[WHAT IS REQUIRED]:
Each record that follows is to be duplicated exactly, though its pictures are not.

:::

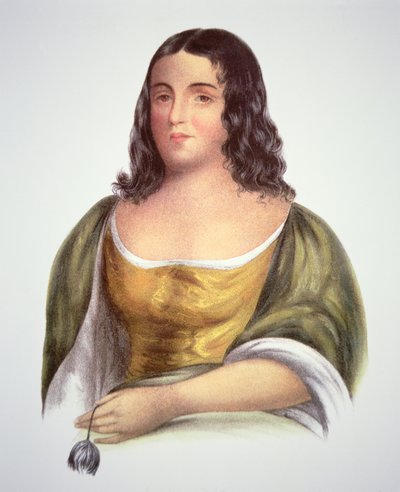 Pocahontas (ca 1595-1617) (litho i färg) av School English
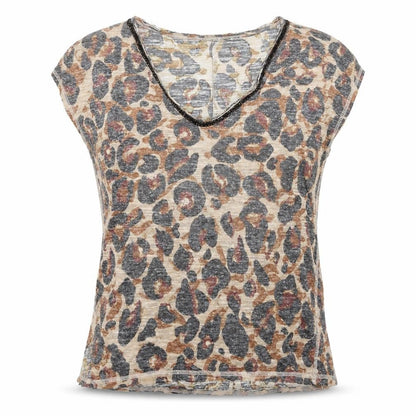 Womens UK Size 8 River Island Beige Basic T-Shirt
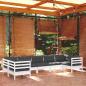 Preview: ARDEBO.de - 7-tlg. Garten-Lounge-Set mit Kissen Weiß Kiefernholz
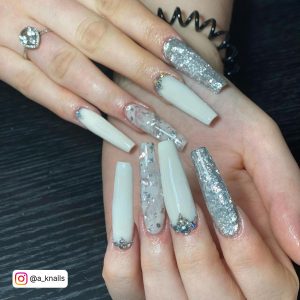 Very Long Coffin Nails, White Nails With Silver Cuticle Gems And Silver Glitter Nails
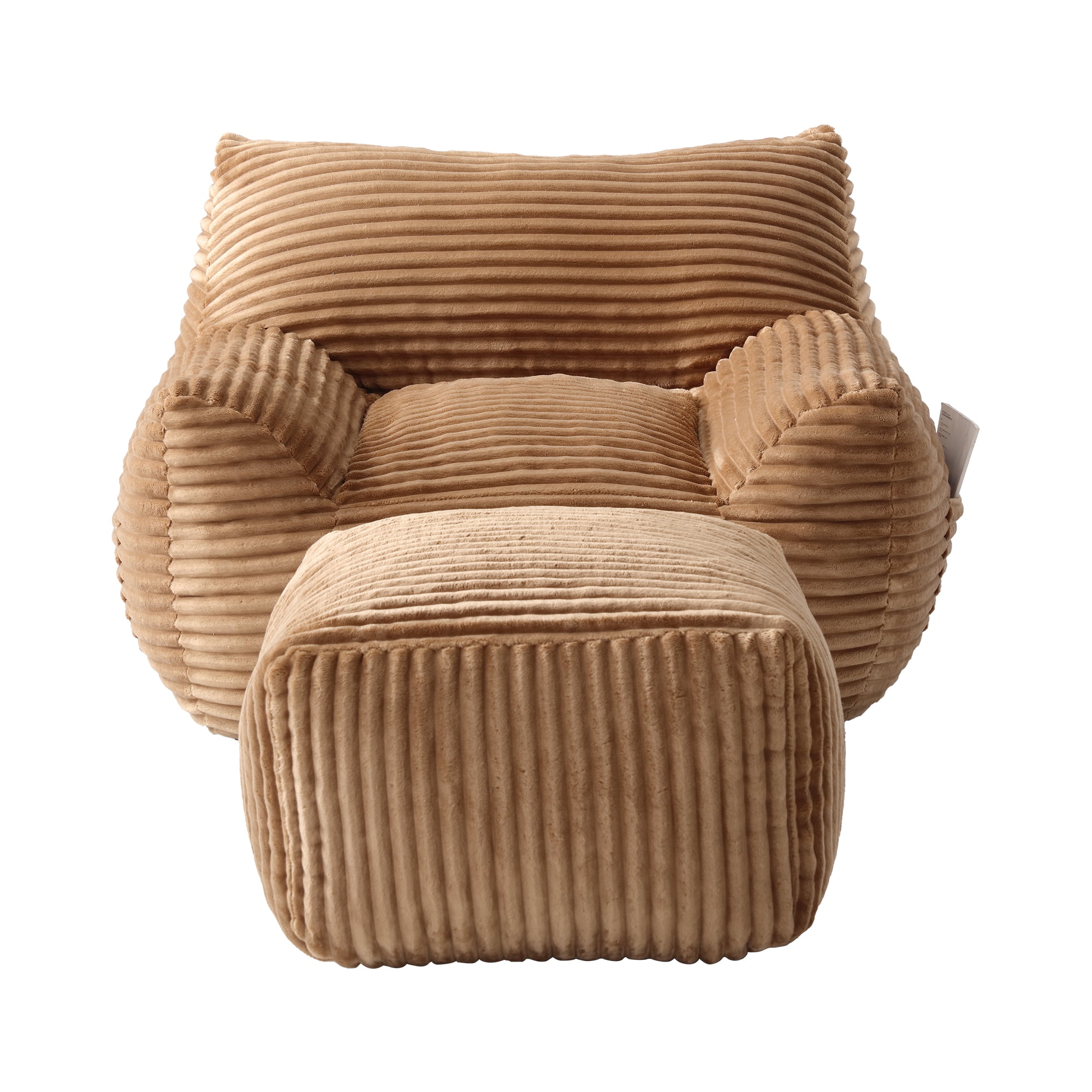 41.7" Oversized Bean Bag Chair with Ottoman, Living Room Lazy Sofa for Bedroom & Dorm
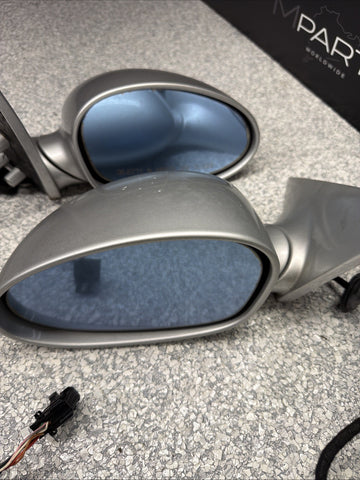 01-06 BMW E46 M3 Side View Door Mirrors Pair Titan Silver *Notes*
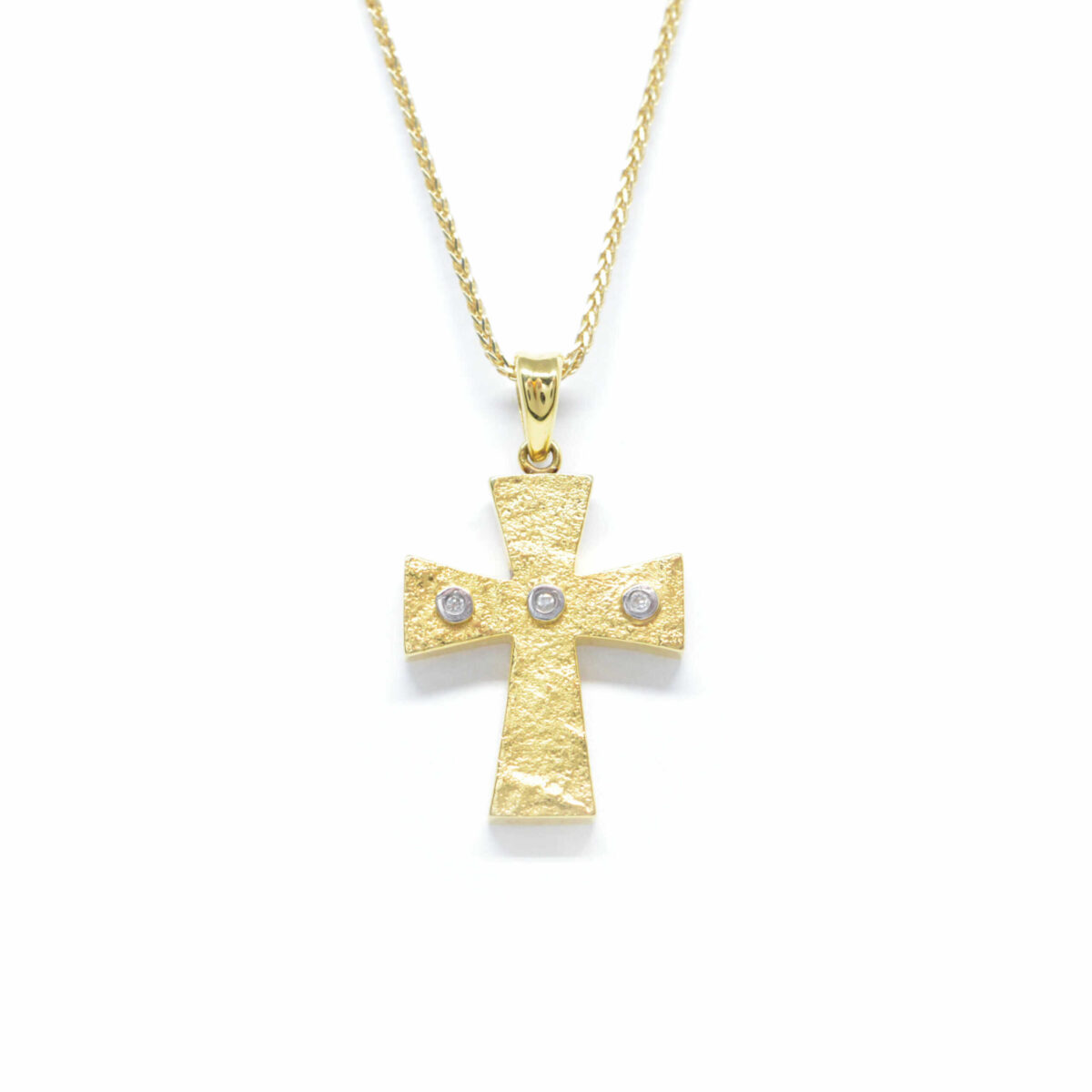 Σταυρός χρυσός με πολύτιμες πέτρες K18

:::

[YOUR SOLUTION]:
 Pocahontas (ca 1595-1617) (litho i färg) av School English
 Womens UK Size 8 River Island Beige Basic T-Shirt
 Preview: ARDEBO.de - 7-tlg. Garten-Lounge-Set mit Kissen Weiß Kiefernholz
 Very Long Coffin Nails, White Nails With Silver Cuticle Gems And Silver Glitter Nails
 41.7" Oversized Bean Bag Chair with Ottoman, Living Room Lazy Sofa for Bedroom & Dorm
 01-06 BMW E46 M3 Side View Door Mirrors Pair Titan Silver *Notes*
 Σταυρός χρυσός με πολύτιμες πέτρες K18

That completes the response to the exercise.